Well it depends on the case, but I would still prefer the .map() method for different reasons:

  • you can use it in combination with .filter() and .reduce() to build wonderful things (see next paragraph)
  • you avoid having to manage loops and indexes
  • you avoid having to create empty arrays and push values into them (basically modifying original arrays)

.map(), .filter() and .reduce()

Among these 3 methods, .reduce() is probably the most powerful one. In many cases you could actually avoid using .map() and .filter() and just use .reduce()

Let's see an example.

What if we'd like to know the cities which we haven't visited yet?
Looking at our .json file the expected result is an array with only 1 city: Berlin.

let not_visited = cities
  .filter(city => city.visited === false)
  .map(not_yet => not_yet.name);
console.log(not_visited);

// Array(1) ["Berlin"]

Here is the beauty: we are chaining our methods together and making the code concise with arrow functions.

What the above code does is using the .filter() method to return an array containing the Berlin object and then creating the final array containing the names of the cities (only 1 in this case).
Try to remove the === false (or set it to true) and now the final array will contain Rome and Paris.

Pretty cool huh?

Now let's throw .reduce in the equation and see how we can use it.

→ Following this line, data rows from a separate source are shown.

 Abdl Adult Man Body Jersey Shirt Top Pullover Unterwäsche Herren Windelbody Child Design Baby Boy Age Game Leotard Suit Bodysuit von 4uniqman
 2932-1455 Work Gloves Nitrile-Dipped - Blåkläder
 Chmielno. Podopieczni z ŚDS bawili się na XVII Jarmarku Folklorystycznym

We want to know the summed up population of all the cities that we have already visited.

As before we have to first filter the cities which we have already visited (Rome and Paris), then we create an array containing the population of only those cities (2.9 M and 2.2 M) to come to the final total of almost 5.1 M

let total_population = cities
  .filter(city => city.visited)
  .map(visited => visited.stats.population)
  .reduce((acc, population) => acc + population, 0);
console.log(total_population);

// 5075360

While learning to code, I came across to a solution which make use of .reduce method only.
The above code could also be written as:

let reduce_only = cities.reduce((acc, total_population) =>
  total_population.visited ? acc + total_population.stats.population : acc, 0);
console.log(reduce_only.toLocaleString('de-DE');

// 5.075.360 --> prettier formatting with .toLocaleString :)

I prefer the first one as my mind find it easier to follow, but it's totally up to you.

Average and extraction

Let's finish our long post with last 2 examples.

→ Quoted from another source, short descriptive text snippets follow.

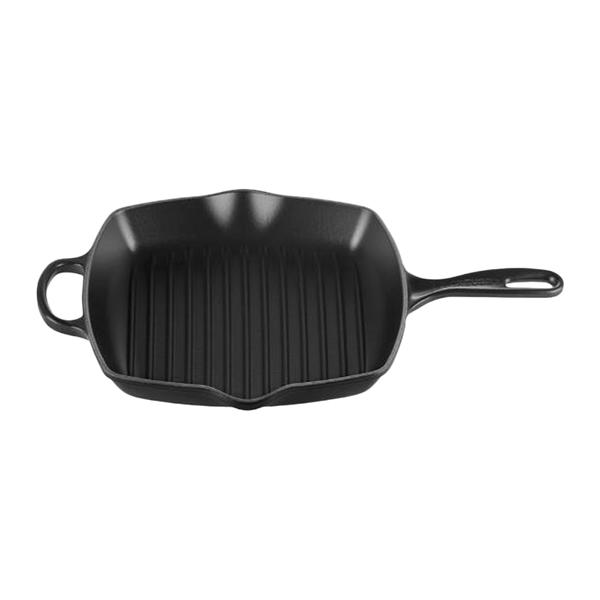 Sartén Cuadrada Negro Satinado 26 Le Creuset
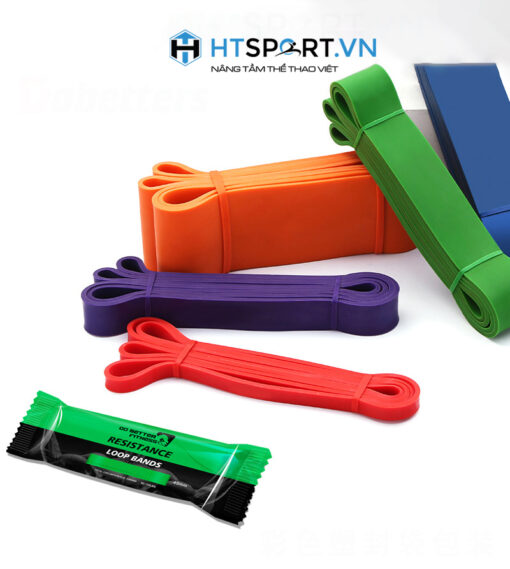 dây cao su khàng lực power band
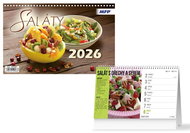 MFP Salads 2026 - Desk Calendar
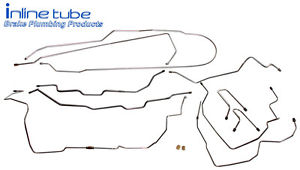 Chevy Silverado Rear Brake Line Diagram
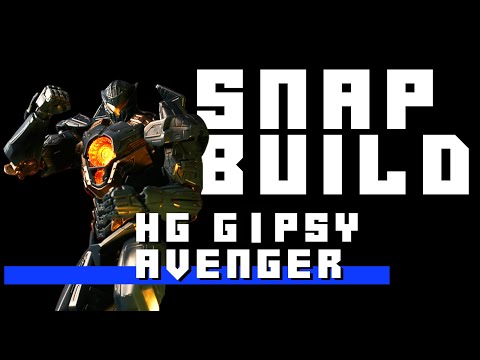 STOP MOTION BUILD HG GIPSY AVENGER [FINAL BATTLE SPECIFICATION]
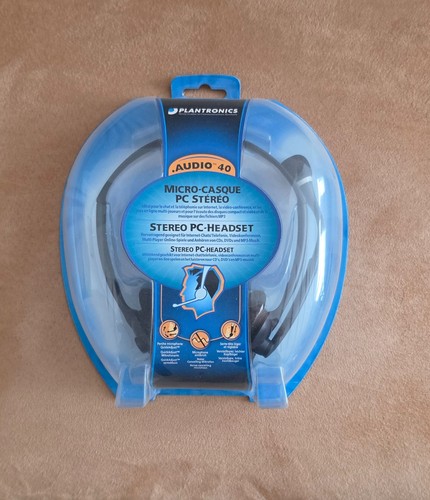 Headset plantronics audio - pc,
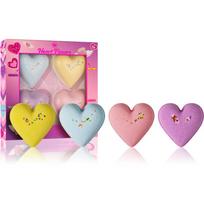I Heart Revolution Fizzer Kit Hearts dovanų rinkinys voniai moterims 1 vnt.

We now look at temperatures!

What if we were to calculate the average temperature for the cities we visited?
As we learned at school, the average (Arithmetic mean) is the sum of a collection of numbers divided by the number of numbers in the collection. So here we go:

let temperatures = cities
  .filter(city => city.visited)
  .map(visited => visited.stats.temperature);

let avg_temperature = temperatures.reduce((acc, temperature) => 
  acc + temperature, 0) / temperatures.length;
  console.log(Math.round(avg_temperature));

// (22.95) --> 23 with Math.round

As in previous examples, we first create the array that filter the cities already visited and stores the temperatures values (let temperatures). Then we sum the values in the previous array with .reduce() and divide it by the length of the array (2 as there are two cities/values).
The result is a 22.95 mean average rounded to the nearest integer with Math.round function.

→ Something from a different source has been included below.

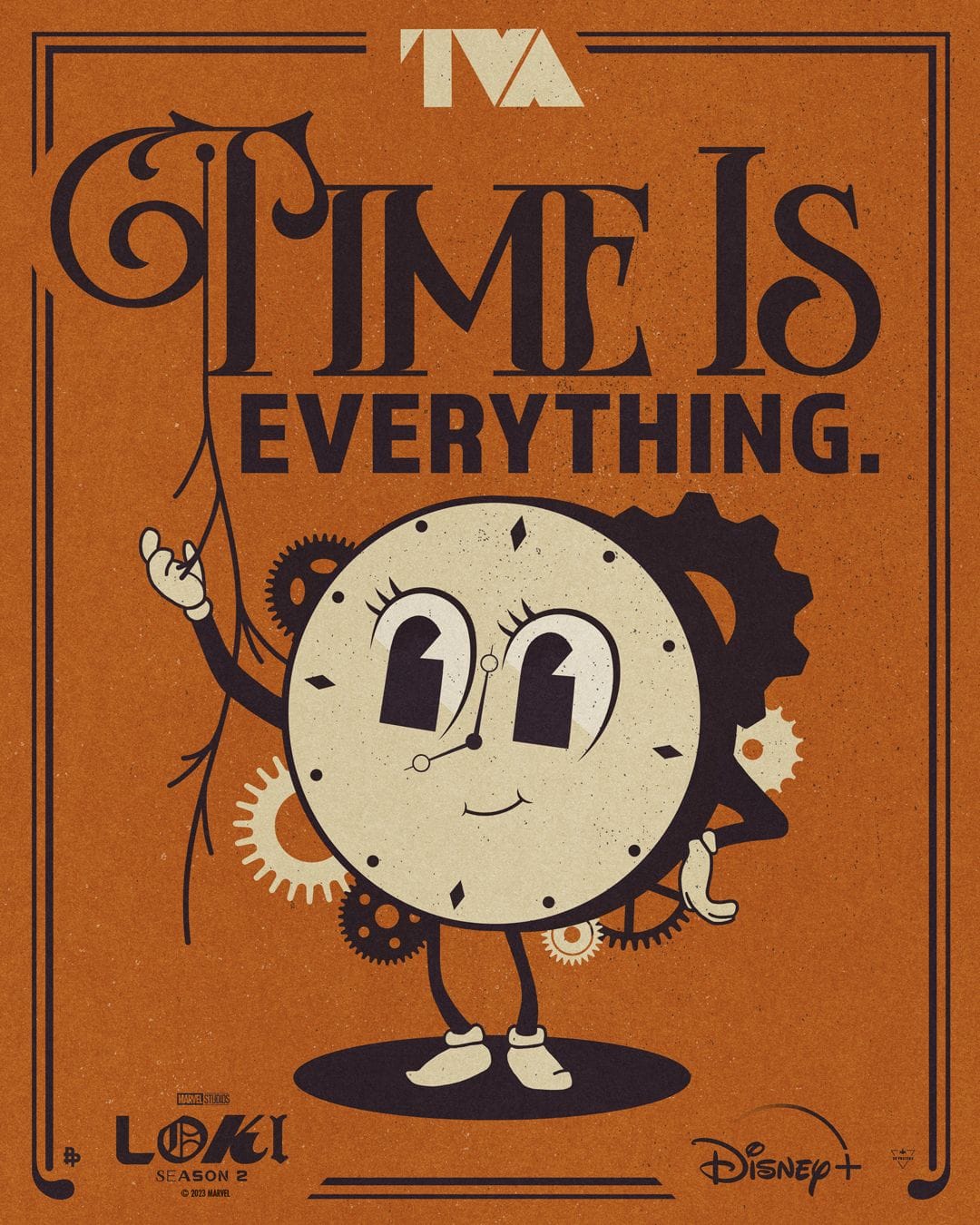 Time is Everything.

Last one! Can we also extract selected pieces of information from our .json? Say we want an array which contains only the city names and their temperatures.

let extraction = cities
  .map(i => ({name: i.name, temperature: i.stats.temperature}));
console.log(extraction);

// (3) [{…}, {…}, {…}]
// 0: {name: "Rome", temperature: 25.2}
// 1: {name: "Berlin", temperature: 19.5}
// 2: {name: "Paris", temperature: 20.7}

This wraps it up for today and keep coding!